Hope you have a great time on your trip!!!!

We stayed at the Virginian lodge and RV right in town in Jackson Hole. Expensive but nice. Very convenient to all of Jackson. Go see the Bar J Wranglers while your there it is well worth it. Meal included. (virginianlodge.com)

Within Yellowstone, which is one of my favorite parks, there is only one campground that has full hook-ups and that is Fishing Bridge Campground. I have never stayed there but from what I have read on this web sight it is not that great. I always stay at Grant Village. No hook ups though. Lots and Lots of trees though and they allow generators if needed during the day. The lake is right there and the store is close. Not sure what kind of campgrounds are on the North and West entrances before the park. Be sure and try the Ice Cream cones at the Old Faithful lodge.

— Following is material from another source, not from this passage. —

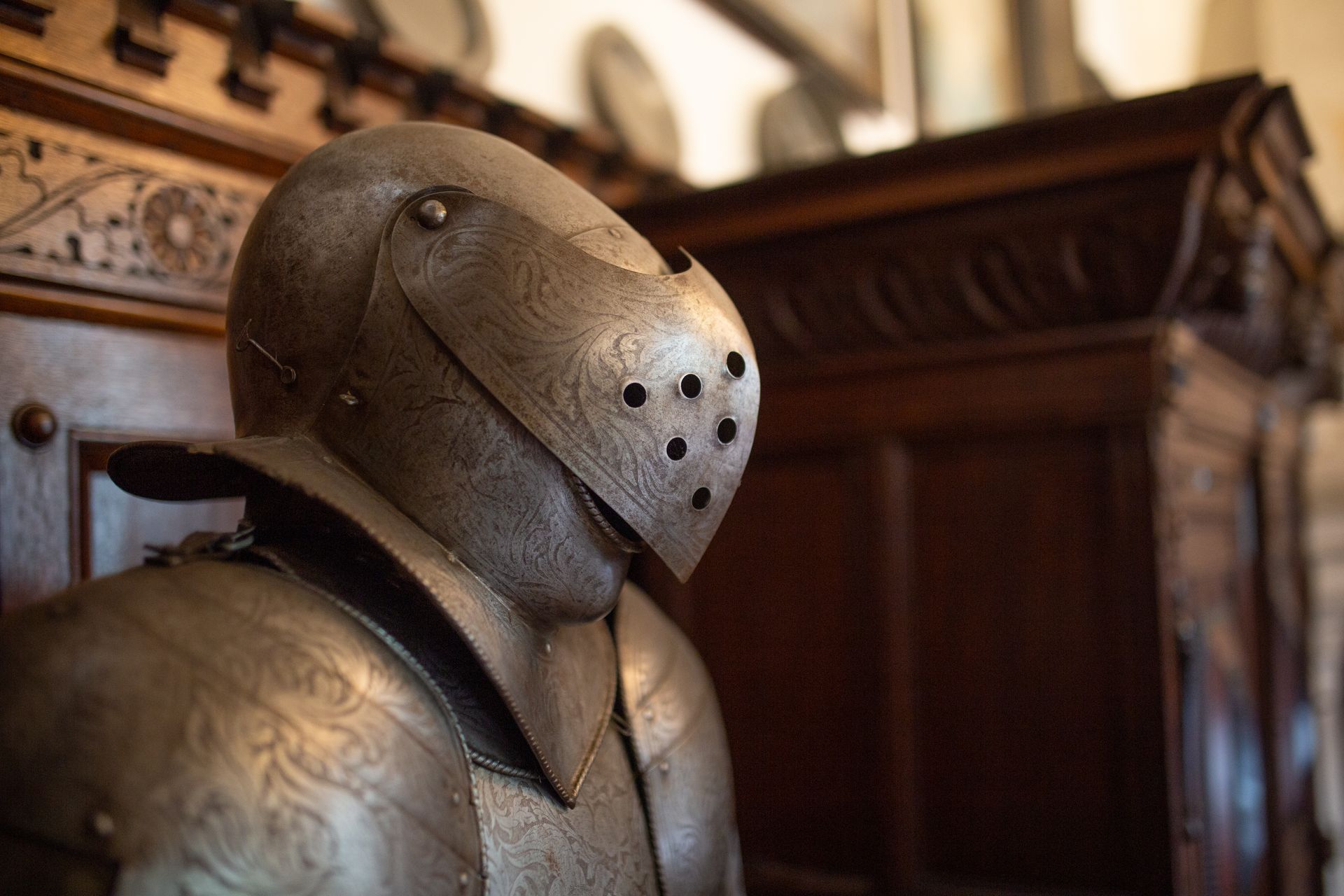 A close-up of a metal suit of armor with a detailed visor against a dark wooden background.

16 nights in the Outback this year so far. We are leaving for a Colorado Tour Tuesday for 7 nights. Have an 8 night Elk hunting trip planned for fall also. I hope to get over 40 nights in it by years end. Life is good!!

Take care and Be Safe!


----------



## NDJollyMon (Aug 22, 2003)

BBB...
Yellowstone IS my favorite!
FISHING BRIDGE RV PARK is the only one with hookups IN the park. There are many outside (especially West and South) I've stayed at F.B, and it's not bad at all. At Yellowstone, you will spend most of your days traveling around and sightseeing, hiking, etc. No worries. Get reservations FAR AHEAD of your trip. F.B. is in BEAR COUNTRY, so keep an eye on the young'uns. (I have seen children trying to catch a moose to ride INSIDE the campground!)

I also stayed at CANYON CAMPGROUND which has no hookups. (my favorite) Lots of great hiking trails in the Canyon areaA

Down in Teton, I like COLTER BAY area on Jackson Lake. Not sure about hookups...can't recall.

Good luck!

Here's a great link!
Total Yellowstone Page


----------



## Y-Guy (Jan 30, 2004)

Silverwood has a nice park on the other side of the park, its heavily treed and looks decent enough. If you want more of a State park then Farragut State Park is a great place, but hard to get sites, though mid-week might be better. Farragut State Park is only 20 minutes away if that and the newer sites have power/water. We're thinking of taking a few days to go there, but still undecided.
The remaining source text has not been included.